Ralph and Susan have been married for 13 years, and they have two lovely children. They lived measured life: a house in the suburbs, work, kids, school, clubs … For none of them the marriage was not an end in itself, but in general they felt that they had a normal relationship.
Susan beginning to suspect something when I noticed that Ralph talking on the phone more than usual. Sometimes she could not help but ask, “what’s happening?”, But in response only heard “anything, just check the news,” or “in the office today, hell, I need to be in touch.” And she believed him.
When Susan found out that Ralph is overwritten with another woman, she was completely suppressed. Her world collapsed. She never thought did not admit that Ralph – man, able to commit treason.
First, Ralph denied everything. He felt he had to protect Susan from a terrible truth. But when the evidence was more, he could not continue to lie. He was having an affair on the side.
He could not understand how it happened that he began a much deeper relationship with another woman. It just happened. He and his colleagues began to communicate more often. He was pleased to meet with the person who always listens, who considers him special. For a long time he and Susan did not have such a close relationship.

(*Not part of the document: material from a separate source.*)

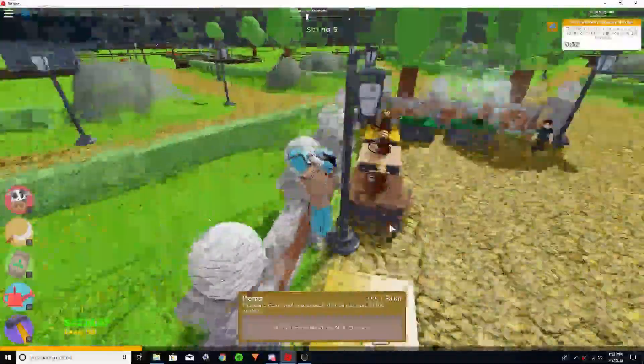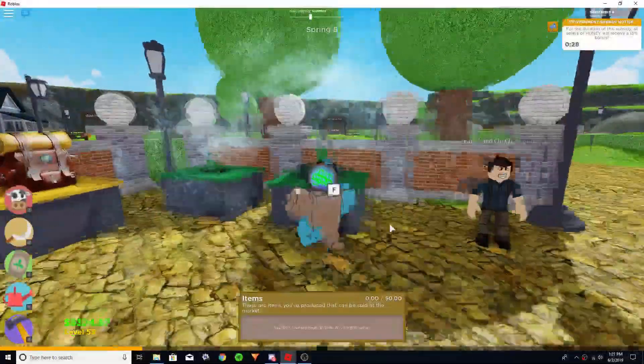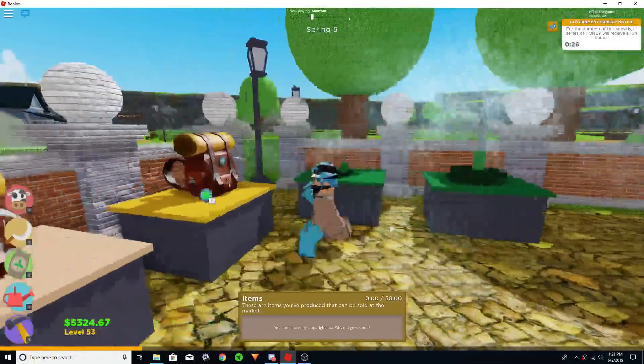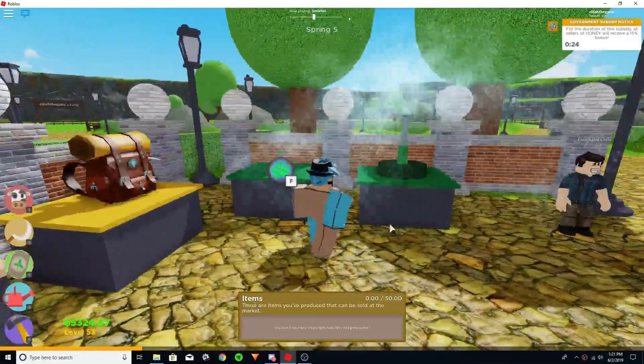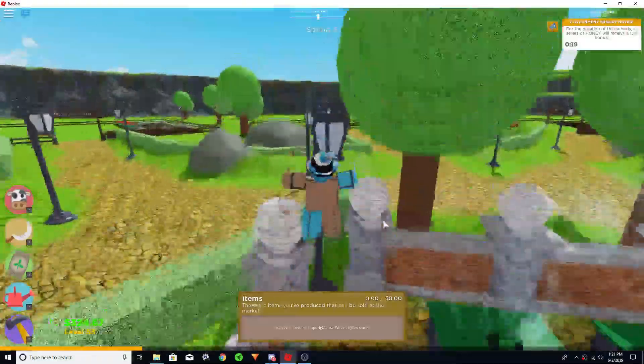Hello everyone, welcome to a farm time video. Another helpful tip is watering, so I'm going to show you what to use and what not to use when you're trying to water your plants.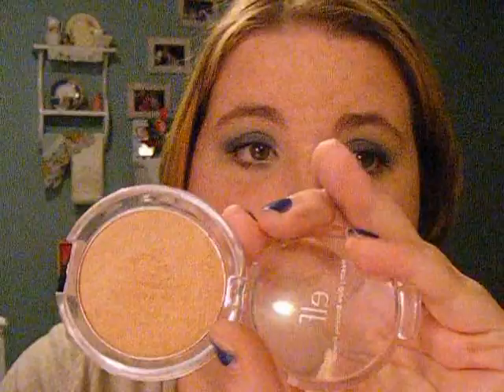So I'm going to be using ELF's $1 Bronzer Healthy Glow Bronzer in Sunkist. I'm just going to take it and smile and just put it on the apples of my cheeks like I would any other blush and just blend it out just to give it a bronzed glow. I'm just using my ELF Studio Blush Brush. You could use any blush brush that you would like.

The novel developed, and Ralph had convinced myself that Susan anyway. He felt that he was no longer interested in her sexually. Their life was more like a life roommates than loved ones.
As a psychotherapist, I have heard many similar stories in the past 15 years. Any betrayal, emotional or sexual plan, destructive. Both spouses are suffering. But cheating does not mean that the relationship came to an end.
Post-traumatic stress disorder with treason
Deceived husband covers a wave of emotions. It overwhelmed the pain, hurt, anger, humiliation and despair. After an injury that caused a betrayal, it becomes fearful, anxious and doubtful, he is always thinking, how and when will the next blow – almost the same symptoms of PTSD experienced ex-military.
The head is constantly spinning the question: “What else do not I know? As it was, really? “. And at night, and the day before the eyes of the image appear in which your spouse with someone else, and life becomes a nightmare.
Guilt because of infidelity
Traitor is also experiencing a variety of emotions. Terrible to see how your spouse is suffering, and to know that you can do nothing to alleviate his suffering. Feelings of guilt, shame and humiliation become almost unbearable.
How there is treason? Why the couple decided on deception? The answer to these questions are not so easy to find the reasons may take months.
Recover after infidelity possible
Is it possible to recover after infidelity? For most couples the answer – yes.
Many couples with whom I worked, were able to build on the ashes of treachery more powerful, wealthy and close relationship. Of course, to do this was not easy and not quick. As with any serious injury, needed time and a special therapy to heal the wounds.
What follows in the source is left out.